Mulling things on my morning ramble
with Storm, the family's mixed Lab.
The Canada geese were cackling again before dawn on the lake to the west.
Yesterday afternoon I checked on them and they still had a pretty good-sized hole swam open. That's a feat of engineering considering the town pond has at least 4 inches of ice, maybe 5 in spots.
At least one, perhaps several, ice fishermen were out Saturday. I could tell by the holes in the ice and the tracks in the snow.
My God, what a snow yesterday afternoon. In less than an hour, a heavy sloppy inch of wet snow fell. For awhile, it looked like snowballs falling from the sky. The youngest boy and I tried simply putting our hands out and using what landed as a snowball.
It kind of worked.
This morning I had planned an extended ramble, but the west wind was stiff enough I didn't feel like battling it for a half mile when the wind from that direction has miles of open fields to build up oomph.

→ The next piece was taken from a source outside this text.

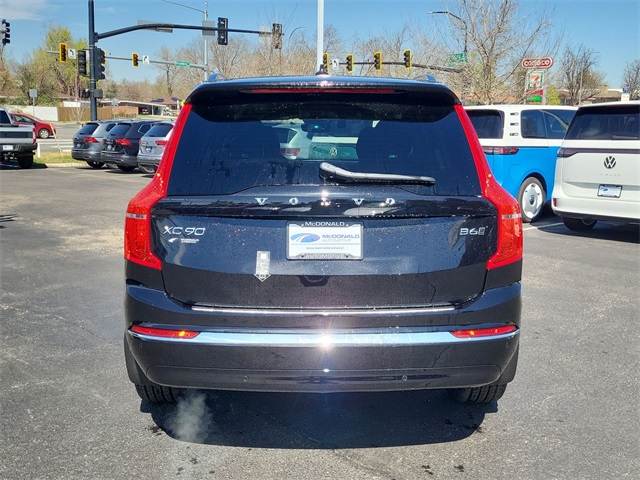 2025 Volvo XC90 AWD photo 4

The ice fishermen or fisherman must have been all over both old clay pits on Saturday. One of fishermen slid down the bank, or his sled did, leaving a slide much like that an otter makes.
The snow was so heavy on the ice that it must have bubbled up water through the holes. There were gray spots all over the ice around the holes.

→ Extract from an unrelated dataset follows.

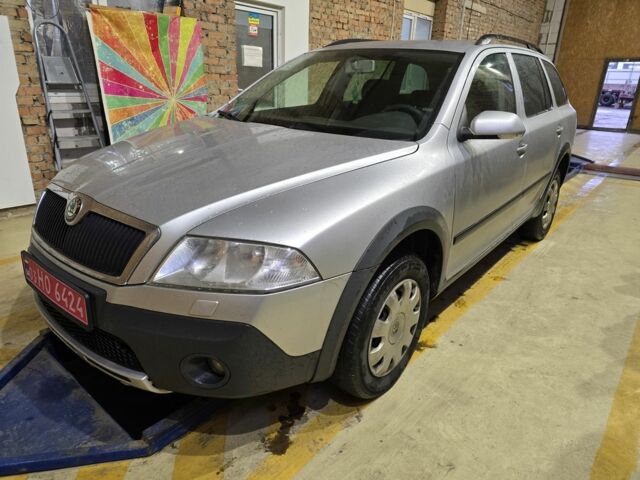 Сірий Шкода Octavia Scout, об'ємом двигуна 1.6 л та пробігом 211 тис. км за 7500 $, фото 1 на Automoto.ua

Surprisingly, he or she or they did not redrill the test hole I drilled Monday near a drop off by brush, even though he or she or they walked right by it.
From brush off the trail made from the old rail bed to the south of the town pond, a pair of mourning doves flushed. They didn't go far. We flushed them again on the edge of town by a pile of old rail ties.
It was a morning to watch the footing, the sloppy snow had melted and refroze into a very slick surface in spots.
Near home, five gray squirrels played in a yard under some huge elms.
I guess to them the faint lifting of the darkness signified dawn, such as it was on this gray winter morning.